Most people are afraid of someone who in their eyes is 'different'. They don't know how to respond and think you should be able to control the situation. I don't know where you live but I have seen great results with Applied Behavior. A behavioral psychologist works with you and your child and it's goal oriented and fail proof. The child can never fail the program. I would suggest you look into it. It can be beneficial for you and your family AND your son.

Holly - posted on 01/04/2010

AUTISM SPEAKS IS A GREAT PLACE TO FIND OUT WAYS TO DEAL WITH ALL THE MELTDOWNS, AND TONS OF POSOTIVE REINFORCMENT AND REDIRECTION. YOU CAN DO IT GIRLS. FIGHT FOR THEM! I WILL HELP.

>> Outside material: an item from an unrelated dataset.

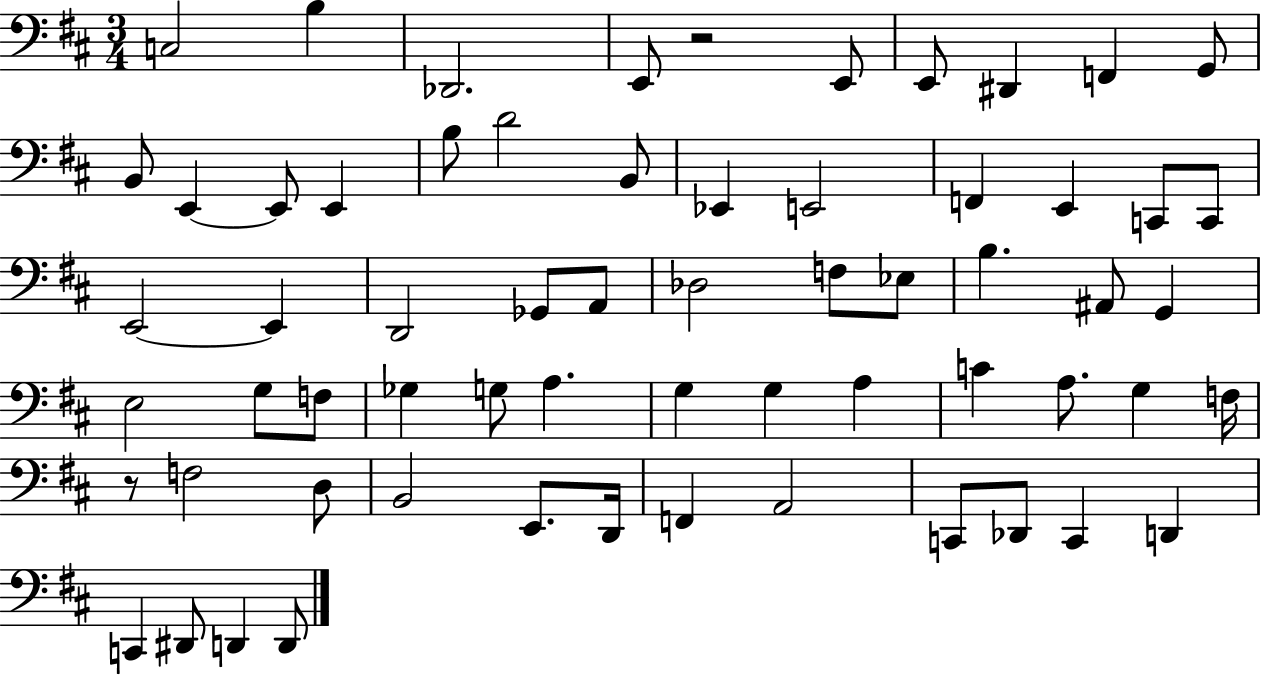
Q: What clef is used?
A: bass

Holly - posted on 01/04/2010

Hi Emily,
My name isHolly, although I do not have a child with any special need, I have and am still working with children,and their families. Please dont give up, and try whatever is out there. At one point you can say to yourself "I am doing all I can, and you are only one person. He needs you wether he can tell you or not, and one day you will see that YOU through everything were and are his greatest strength. I know your tired to the point of exhaustion, I know you feel like you just want to ball up ,and cry, but know that he has a place in this world and your a team. He cant do it alone,and neither can you. Find support elsewhere if your family doesnt understand, because truth be,,,, not alot of people do. It is you who has to watch the stares,and you who has to stand tall through the meltdowns, they can walk away... you cant. I am here to be a friend a,dn just tell you ..... You are doing A Good job.